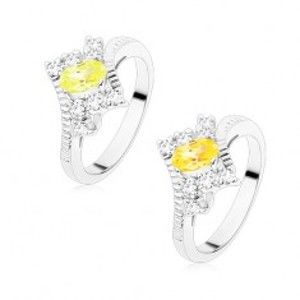 Šperky eshop - Prsteň v striebornom odtieni s vrúbkovanými ramenami, farebný ovál, číre zirkóny S15.30 - Veľkosť: 57 mm, Farba: Žltá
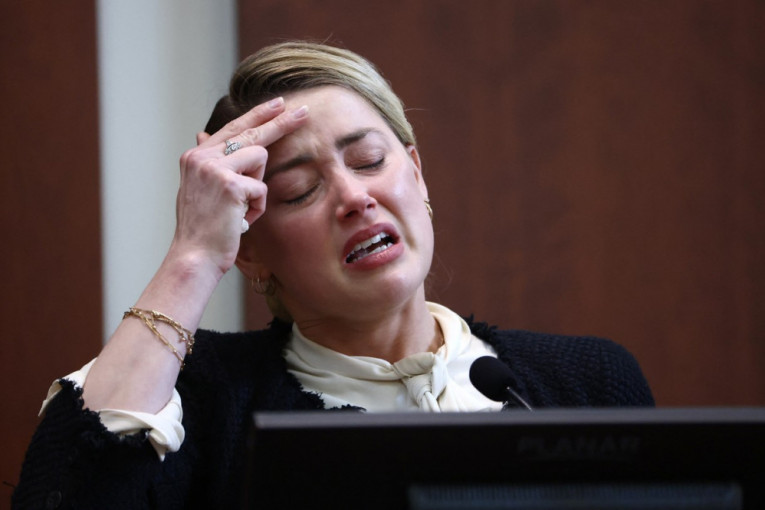 Pijan ili drogiran? Amber Herd na sudu objavila uznemirujuće fotografije Džonija Depa! (FOTO)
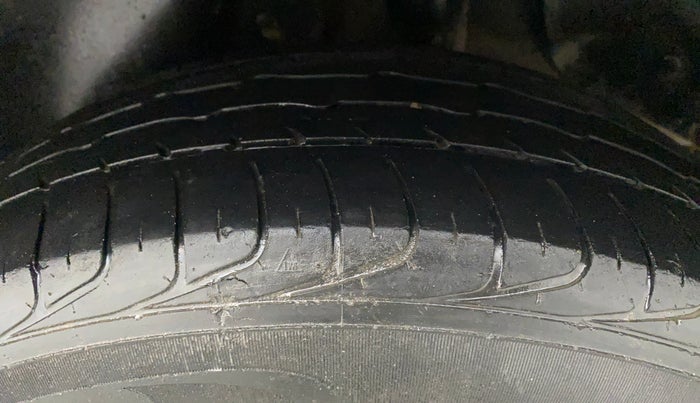 2017 Hyundai Creta SX PLUS 1.6 PETROL, Petrol, Manual, 1,05,384 km, Left Rear Tyre Tread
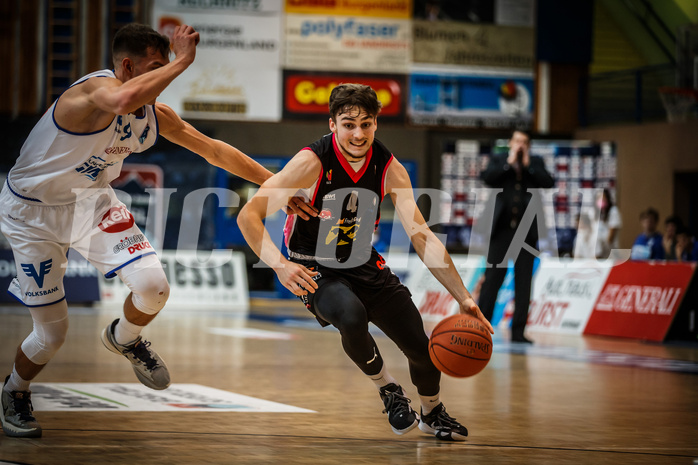 Basketball, bet-at-home Basketball Superliga 2021/22, Grunddurchgang Runde 9, Oberwart Gunners, Flyers Wels, Jan Razdevsek (4)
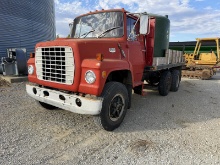 1971 FORD 800 TRUCK
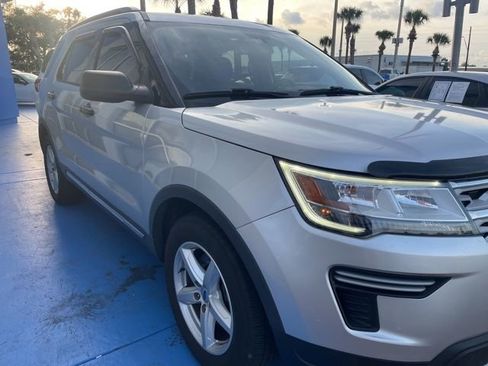 Used 2018 Ford Explorer XLT FWD image 2
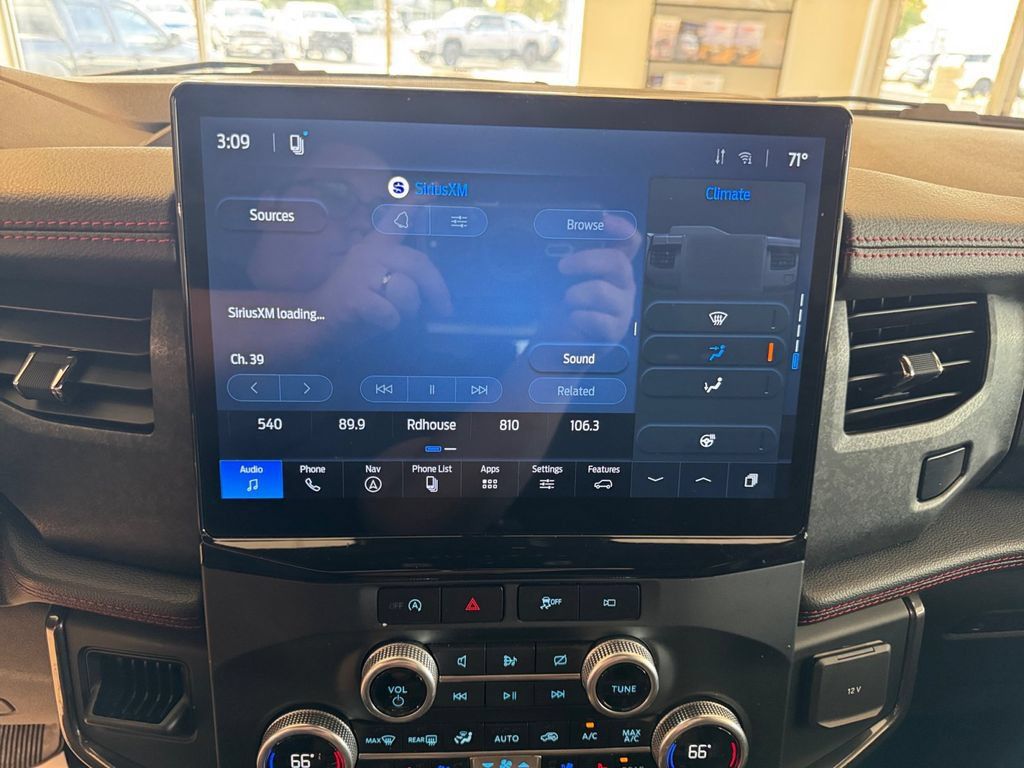 Used 2024 Ford Expedition Max Limited AWD/4WD image 20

•••••

— PROBLEM TO WORK ON —
Every line from the top of the material above through the line with "Pijan ili drogiran?" should be duplicated exactly, please; leave out the pictures.

— RESULT OF THIS EXERCISE —
 Šperky eshop - Prsteň v striebornom odtieni s vrúbkovanými ramenami, farebný ovál, číre zirkóny S15.30 - Veľkosť: 57 mm, Farba: Žltá
 Pijan ili drogiran? Amber Herd na sudu objavila uznemirujuće fotografije Džonija Depa! (FOTO)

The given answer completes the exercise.